He turned 60 last year you know, I know age is nothing but a number and has little relevance to someone's career, but the reason I mention it is because Bryan Adams is one of those artists that I have a vision of in my mind that was created at the time when I first discovered his music, and that vision is what remains, even now. That image of who he was is one I formed in 2005 when he released 'Anthology' prior to this I had heard his name and I knew one or two tracks but I hadn't paid much attention to him.
Anthology is a greatest hits album that brought together music from the better part of three decades leading up to its release. I have the International version and from it there are quite a few tracks that I love but those that stand out the most are ' Summer of 69' [make of that what you will], 'Everything I Do', 'There Will Never Be Another Tonight', 'All For Love', 'Best of Me', 'Don't Give Up', and 'Here I Am' all of which you can probably guess fit a theme, follow a narrative that I identified with, and are pretty self explanatory. The truth is I can't break these down to just a few and piecing together all the lyrics would only lead to me repeating much of what I have already shared throughout this series of posts.
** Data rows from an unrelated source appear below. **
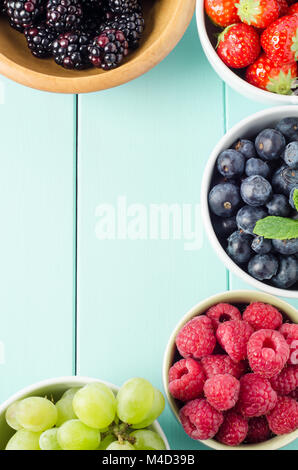 Overhead shot of five fruit varieties in separate bowls bordering frame edge of aqua blue wood planked table. Stock Photo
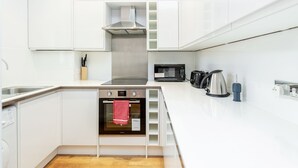 A modern kitchen with white cabinetry, a built-in oven, a microwave, and a kettle.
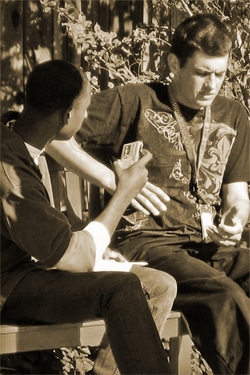 Two men sit on a bench outdoors. One man holds a phone, showing it to the other. They appear to be engaged in a discussion. The image has a sepia tone, giving it a vintage look.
The two tracks I will single out though are 'Everything I Do' and 'Here I Am' which are worthy of particular note. The former represents the first love song that I really connected with on an emotional level that ran a little too deep for me. I had heard love songs before that I identified with, some of which have been mentioned already in this list, but this song cut deep and struck a nerve, I know that's a cliché for many people though, I have visions of Stewie Griffin from Family Guy in this moment for the music video he created when he was lovesick, but there is comedy in tragedy, and life imitates art, and sometimes art imitates life, sorry Oscar Wilde.
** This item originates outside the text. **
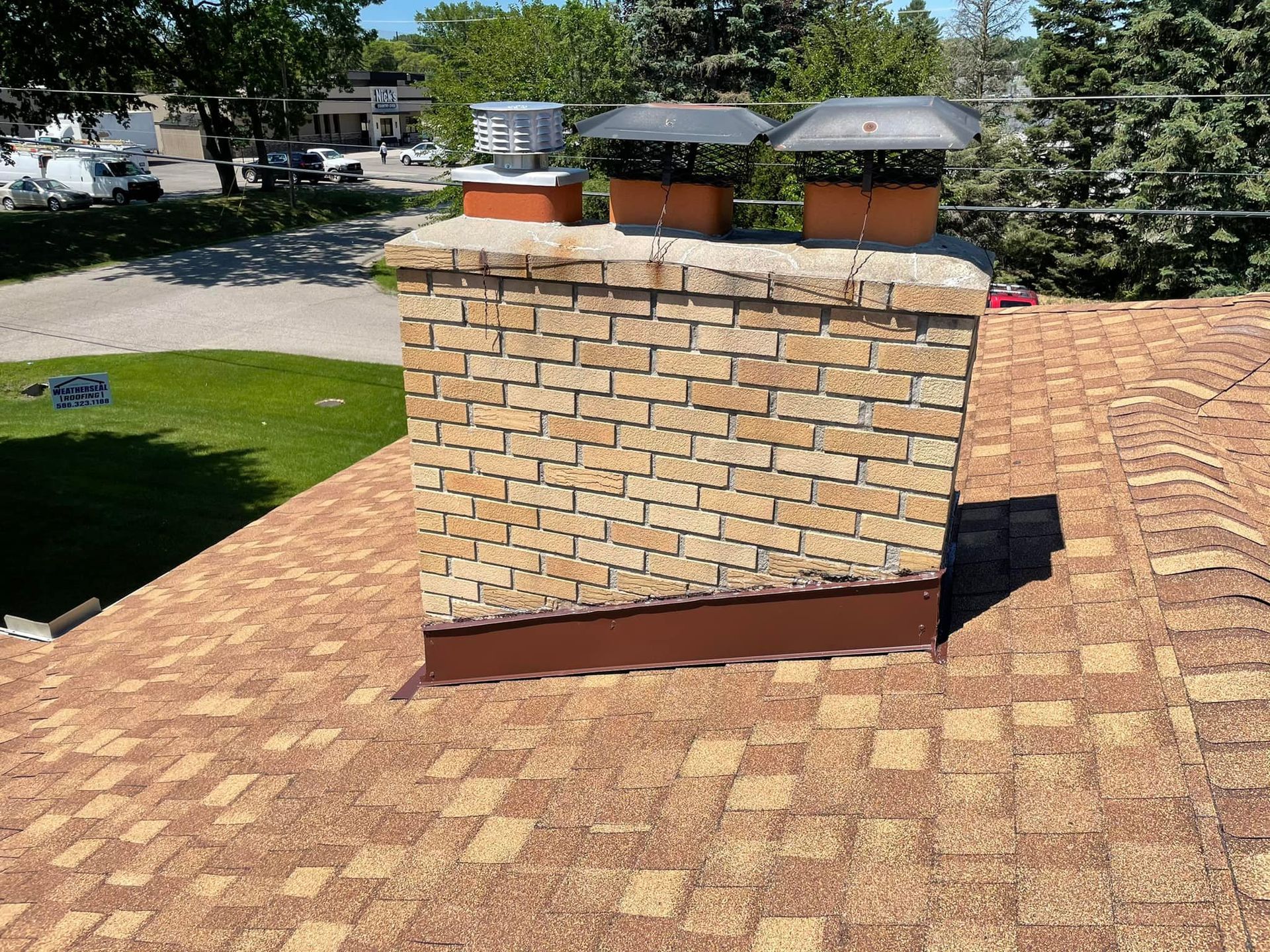 A brick chimney is sitting on top of a roof.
This is one of those instances, where yes as much as it may seem sardonic that is how I felt - bear in mind though when I bought Anthology I was 17, my life experience was limited and everything was amplified as I didn't yet have the context to put everything into in order to weigh it up. Indeed as I have grown and gained much more experience in life and in love the weight of that song has grown heavier and the lyrics mean much more, attached to more than just one person at this point you could even flip the script and say the lyrics are directed at my inners self now talking to yourself as if they were a third person and telling them everything you do is for them, which ironically isn't that far from the truth if you choose to separate your ego from your sense of self and treat it like a third person.
'Here I Am' on the other hand it should probably come as no surprise by now as a gay man represents something that I've already touched upon, the struggle for self acceptance and the ability to say those words and mean them that you're happy with who you are, where you are, and that you've made peace with the world - I'd like to say I am there but still I have work to do before I get there. I am a lot more comfortable with who I am than I was at 17.